The inflamed trade-based tensions between the US and China are causing more economic uncertainty with every protectionist move made by either side. The recent news at Huawei wasn’t taken well in China, and big tech companies on both sides of the Pacific are taking a particularly hard hit right now.

The US blacklist on Huawei could spark similar retaliatory moves from Beijing. Among the US companies already caught right in the middle of the trade war, there is Apple, which stands to lose a lot should relations between the world’s two largest economies fail to improve. While Google will have another 90 days to wrap up its business with Huawei (though even this could change), there will be more uncertainty going forward.

According to a note from Goldman Sachs sent to investors, if China banned Apple, the company’s bottom line would drop by up to 29% (approximately $3.35 per share). The Chinese market is responsible for 17% of Apple’s sales and profits, and Apple shipped about 39 million iPhones to Greater China in 2018, with 83% of these making it to the mainland. On top of this, most of Apple’s supply chain is based in China, which is a cause for concern when serious tech and telecom companies are in the crosshairs. The Goldman Sachs note alluded to the power that Beijing has over Apple.

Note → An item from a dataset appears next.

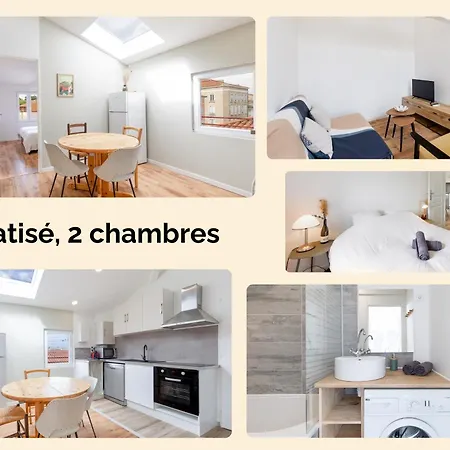 Apartment Climatise 2 *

“Should China restrict iPhone production in any way, we do not believe the company would be able to shift much iPhone volume outside of China on short notice, though actions that would push Apple production outside of China could have negative implications for the China tech ecosystem as well as for local employment,” wrote Goldman Sachs analyst Rod Hall. Although a new trade deal between the US and China seemed imminent just weeks ago, talks fell through and the trade war has expanded significantly.